> [Data to examine]
★ ★ ★ ★ ★ ★ ★
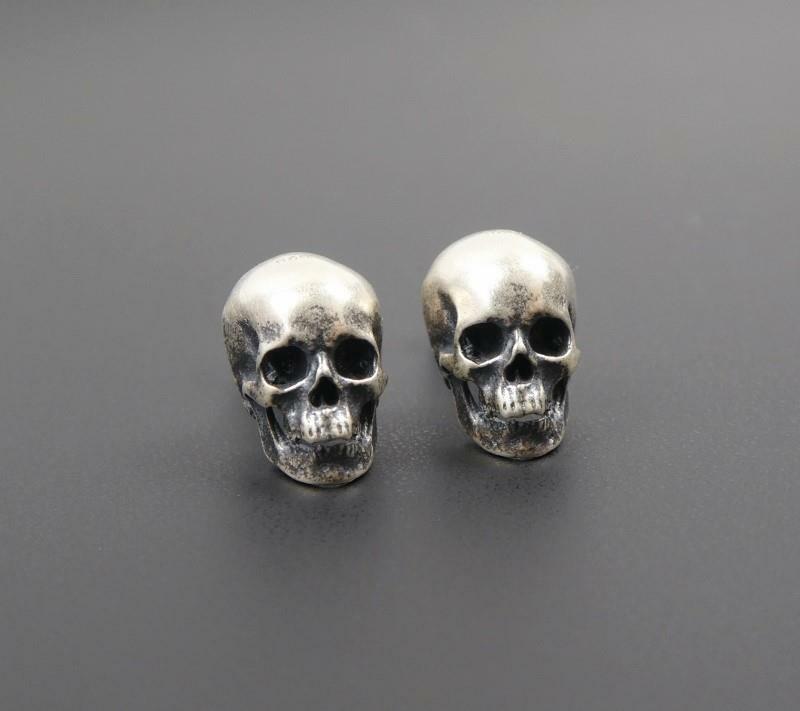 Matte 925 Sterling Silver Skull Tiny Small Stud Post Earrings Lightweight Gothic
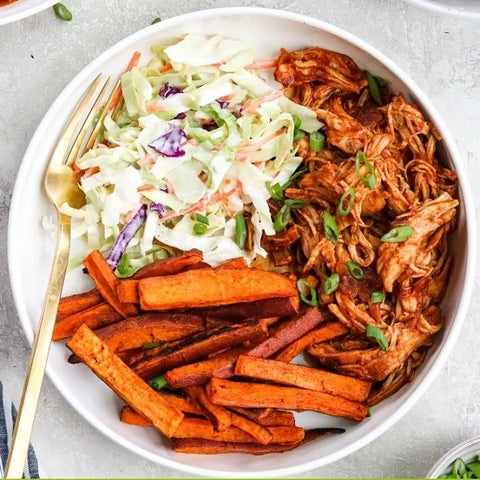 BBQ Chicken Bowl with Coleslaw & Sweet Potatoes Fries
★ ★ ★ ★ ★ ★ ★
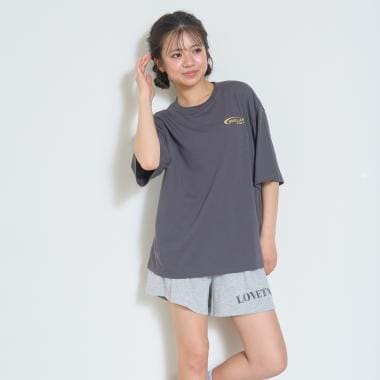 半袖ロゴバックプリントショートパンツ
★ ★ ★ ★ ★ ★ ★
> [Problem to work on] Find the line with "Matte 925 Sterling" and the line with "BBQ Chicken Bowl" in the records above. Copy both and all lines between them exactly, without pictures.

> [Response to this exercise]
 Matte 925 Sterling Silver Skull Tiny Small Stud Post Earrings Lightweight Gothic
 BBQ Chicken Bowl with Coleslaw & Sweet Potatoes Fries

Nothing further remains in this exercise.